= Task statement =
Entries below include pictures. Output exactly the lines from the one with "POLYWOOD® Lakeside 3-Piece" down to the one with "Farmhouse Reimagined White", both ends included, and leave the pictures out.

======== Input data ========

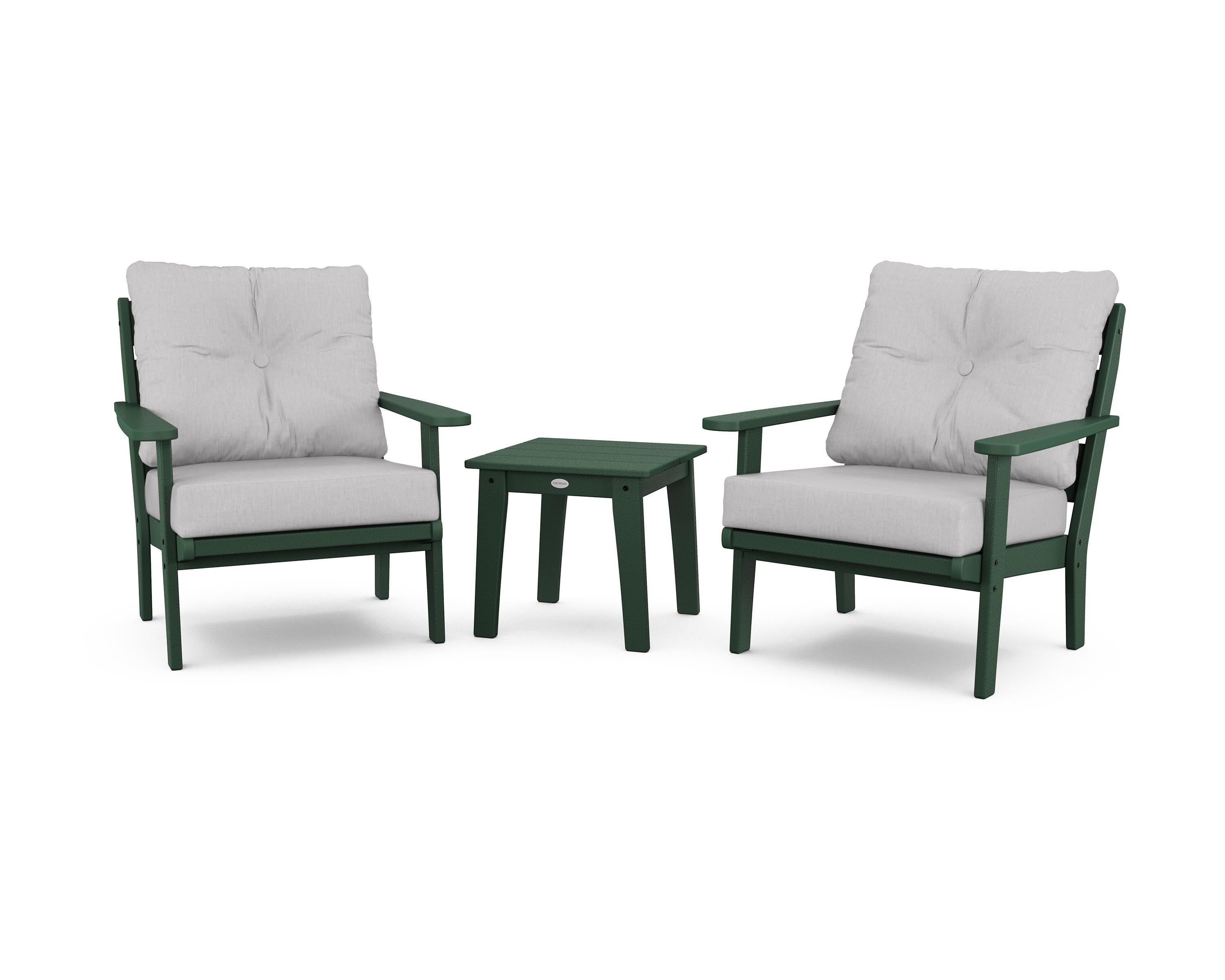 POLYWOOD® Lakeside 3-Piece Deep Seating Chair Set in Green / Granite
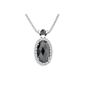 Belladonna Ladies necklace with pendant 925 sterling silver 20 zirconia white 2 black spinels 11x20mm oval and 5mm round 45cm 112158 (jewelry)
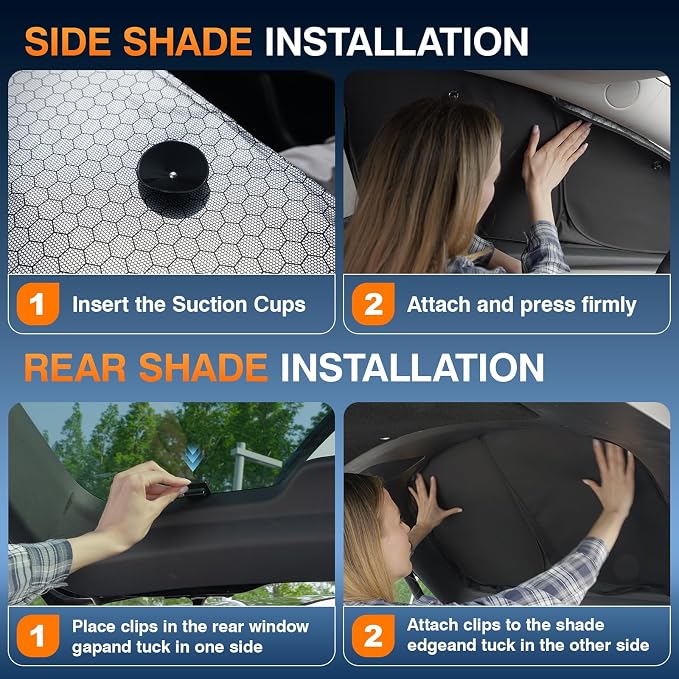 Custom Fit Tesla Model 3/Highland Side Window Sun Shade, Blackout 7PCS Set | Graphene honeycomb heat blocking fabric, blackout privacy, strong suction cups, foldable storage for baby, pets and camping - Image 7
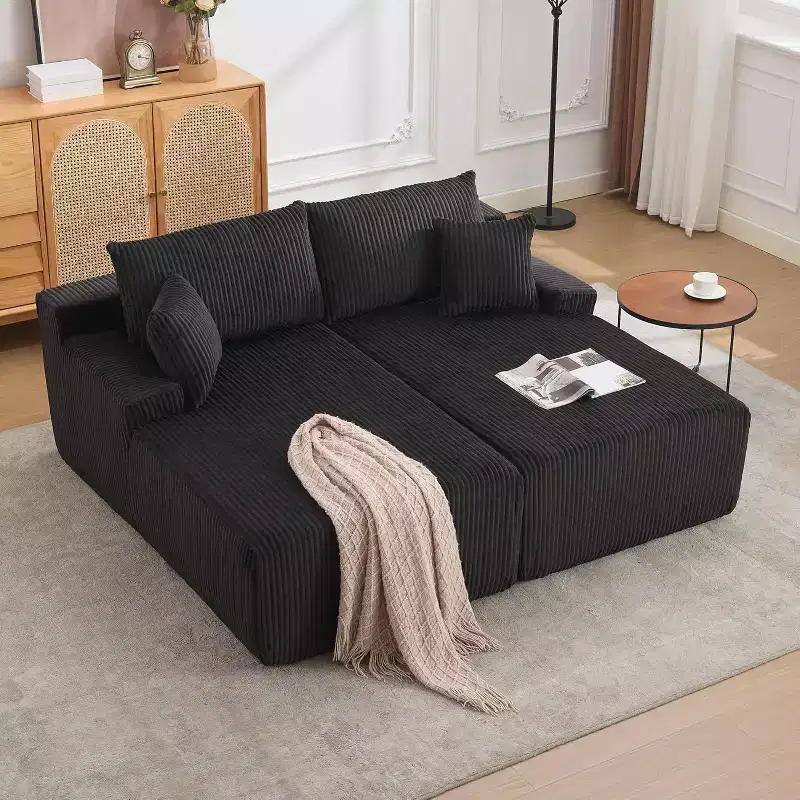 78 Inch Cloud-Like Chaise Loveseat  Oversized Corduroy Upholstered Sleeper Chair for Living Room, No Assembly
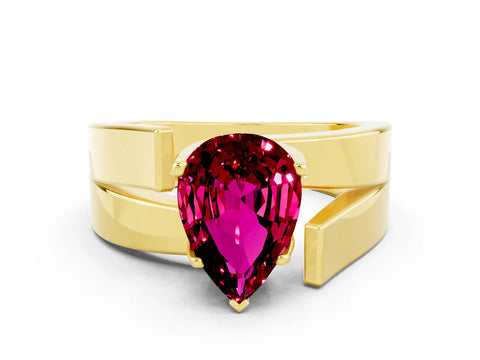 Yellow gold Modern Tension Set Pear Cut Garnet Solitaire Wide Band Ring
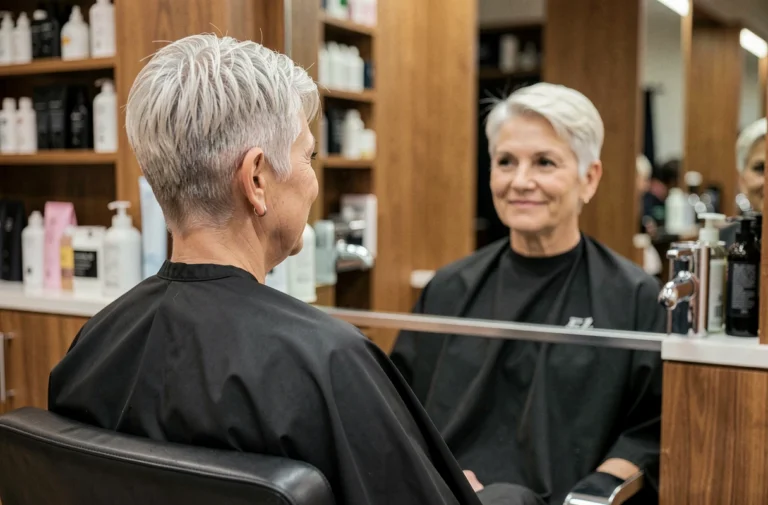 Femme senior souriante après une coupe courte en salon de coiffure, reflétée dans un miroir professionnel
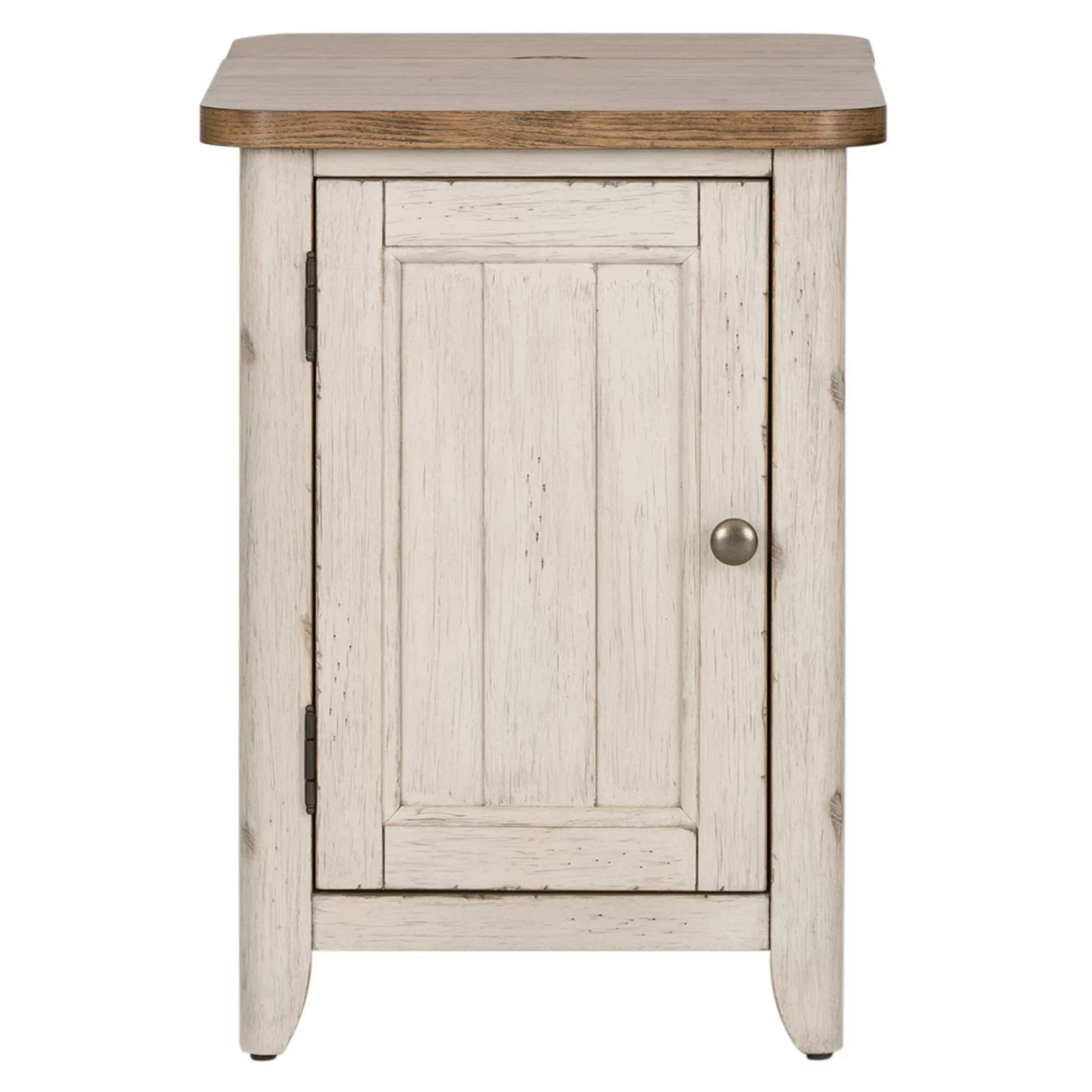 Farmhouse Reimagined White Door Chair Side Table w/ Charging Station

========
======== Input data ========

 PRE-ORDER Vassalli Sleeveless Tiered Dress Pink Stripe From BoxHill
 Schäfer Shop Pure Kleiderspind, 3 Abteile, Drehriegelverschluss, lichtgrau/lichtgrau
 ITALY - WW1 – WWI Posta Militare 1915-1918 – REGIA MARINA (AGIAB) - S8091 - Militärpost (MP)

========
======== Input data ========

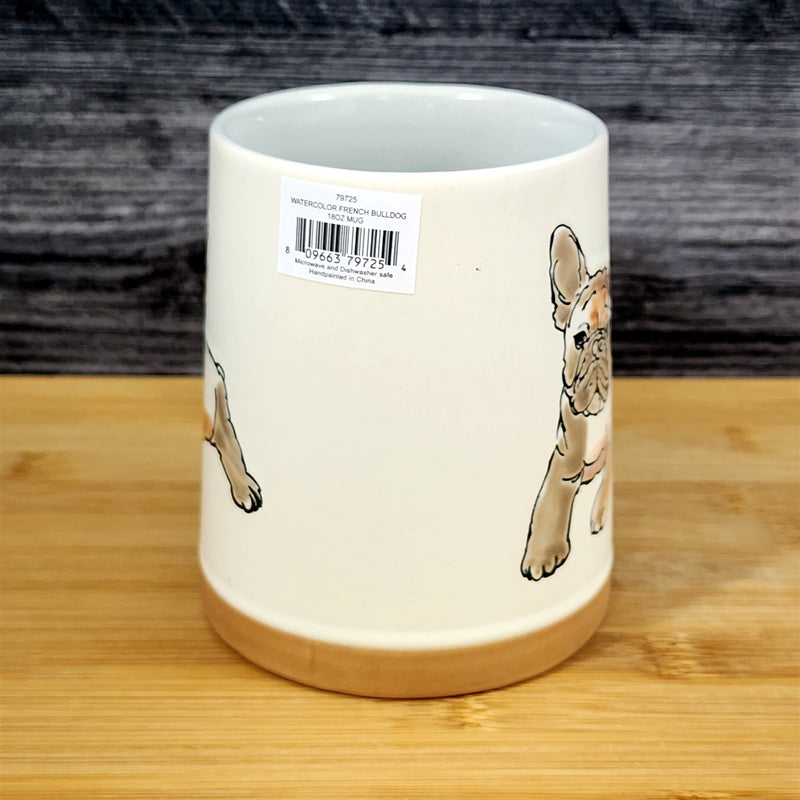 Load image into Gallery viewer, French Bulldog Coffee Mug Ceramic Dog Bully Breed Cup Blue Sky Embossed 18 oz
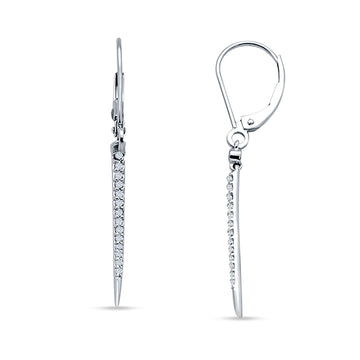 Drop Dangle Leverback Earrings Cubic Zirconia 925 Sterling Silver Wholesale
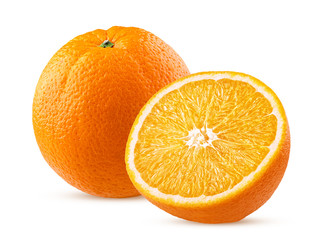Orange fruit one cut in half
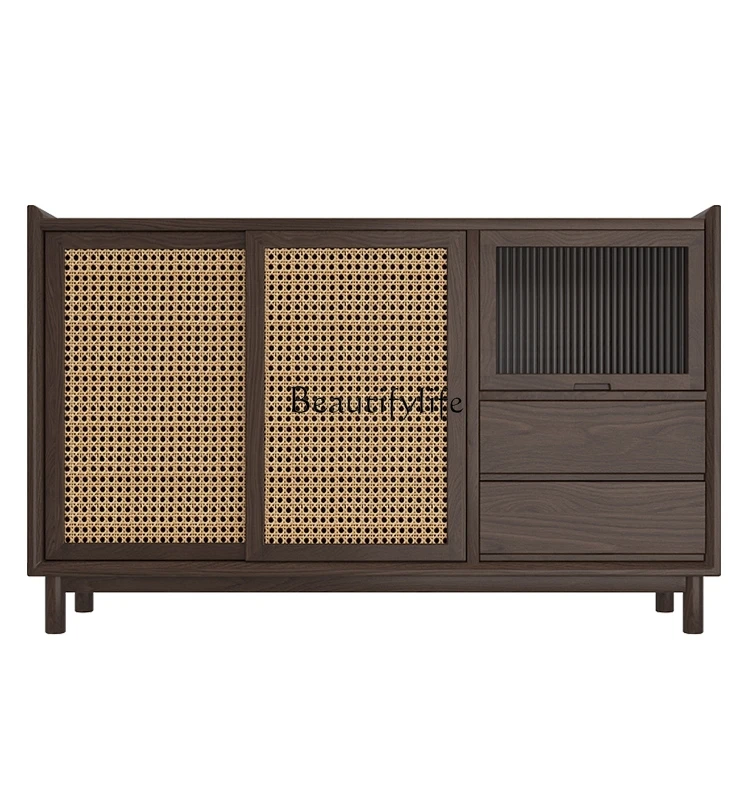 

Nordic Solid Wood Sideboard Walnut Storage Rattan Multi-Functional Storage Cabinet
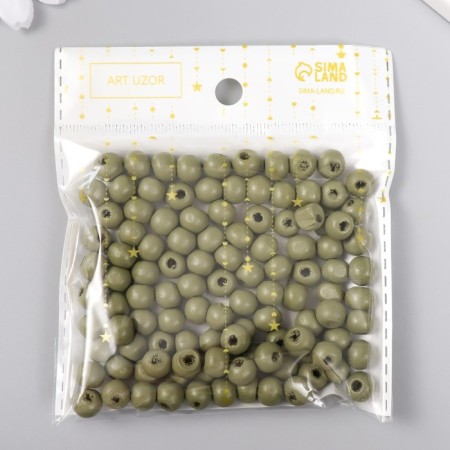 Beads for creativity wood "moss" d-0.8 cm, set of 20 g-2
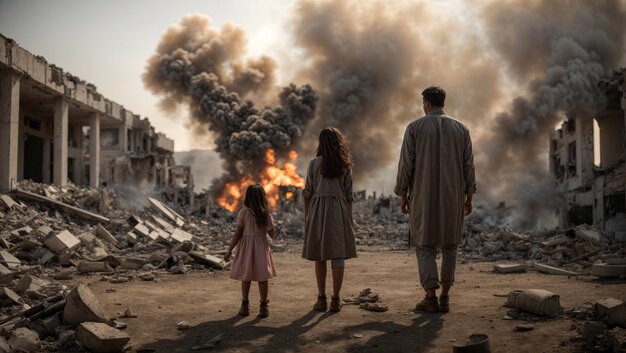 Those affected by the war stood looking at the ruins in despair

========

= Response to this exercise =
 POLYWOOD® Lakeside 3-Piece Deep Seating Chair Set in Green / Granite
 Belladonna Ladies necklace with pendant 925 sterling silver 20 zirconia white 2 black spinels 11x20mm oval and 5mm round 45cm 112158 (jewelry)
 Custom Fit Tesla Model 3/Highland Side Window Sun Shade, Blackout 7PCS Set | Graphene honeycomb heat blocking fabric, blackout privacy, strong suction cups, foldable storage for baby, pets and camping - Image 7
 78 Inch Cloud-Like Chaise Loveseat  Oversized Corduroy Upholstered Sleeper Chair for Living Room, No Assembly
 Yellow gold Modern Tension Set Pear Cut Garnet Solitaire Wide Band Ring
 Femme senior souriante après une coupe courte en salon de coiffure, reflétée dans un miroir professionnel
 Farmhouse Reimagined White Door Chair Side Table w/ Charging Station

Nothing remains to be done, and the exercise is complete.